Het is de bedoeling dat u zelf een oordeel vormt over de werkzaamheden en over de in dit rapport weergegeven bevindingen en op basis daarvan uw eigen conclusie trekt. Wij wijzen u er op dat indien wij aanvullende werkzaamheden zouden hebben verricht of een controle- of beoordelingsopdracht zouden hebben uitgevoerd, wellicht andere onderwerpen zouden zijn geconstateerd die voor rapportering in aanmerking zouden zijn gekomen.
Beschrijving uitgevoerde werkzaamheden
Wij hebben de navolgende werkzaamheden verricht:
1. Wij zijn nagegaan of de door ons gewaarmerkte lijst van schuldeisers overeenstemt met de onderliggende administratieve bescheiden. Dit betreft de bescheiden welke betrekking hebben op de volgende drie vennootschappen: [eiser 1], Optiek Beursplein B.V. en Optica Milano B.V.
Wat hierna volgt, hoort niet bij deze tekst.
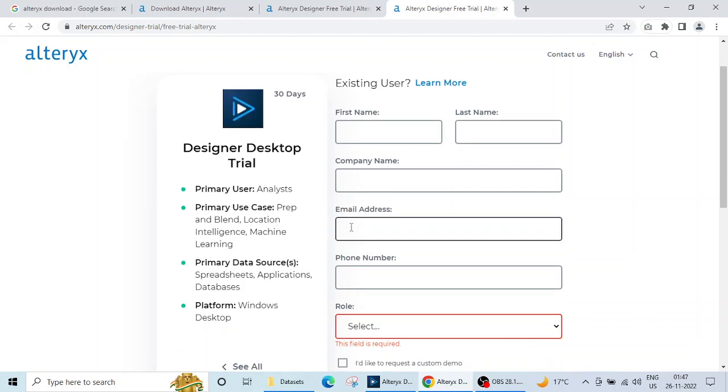Do remember that the email address has to be the official email address or the domain name of your organization or college. You cannot use personal email addresses here like gmail.com.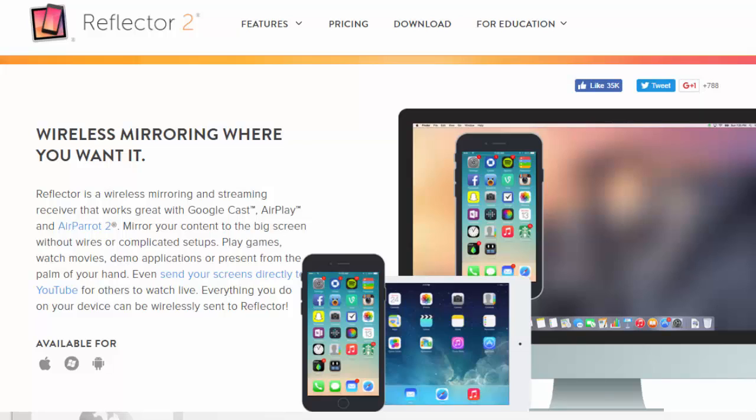Hi, this is Amber from the A-Team. Today we're going to be talking about Reflector 2, which is the software that lives on your teacher desktop that's connected to a projector. It allows Chromebooks and iPads to connect to your projection screen so that you can see what's on the other device.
2. Wij zijn nagegaan of de vorderingen van derde zoals opgevoerd op de door ons gewaarmerkte lijst van schuldeisers overeenstemmen met de onderliggende leningsovereenkomsten, betalingsbescheiden en/of andere relevante bescheiden.
Beschrijving van de feitelijke bevindingen
Wij hebben het volgende vastgesteld:
1. De door ons gewaarmerkte lijst van schuldeisers stemt overeen met de onderliggende bescheiden welke betrekking hebben op en/of andere relevante documenten van de volgende drie vennootschappen: [eiser 1], Optiek Beursplein B.V. en Optica Milano B.V. De totale gewaarmerkte lijst van schuldeisers sluit op een bedrag van Euro 354.051.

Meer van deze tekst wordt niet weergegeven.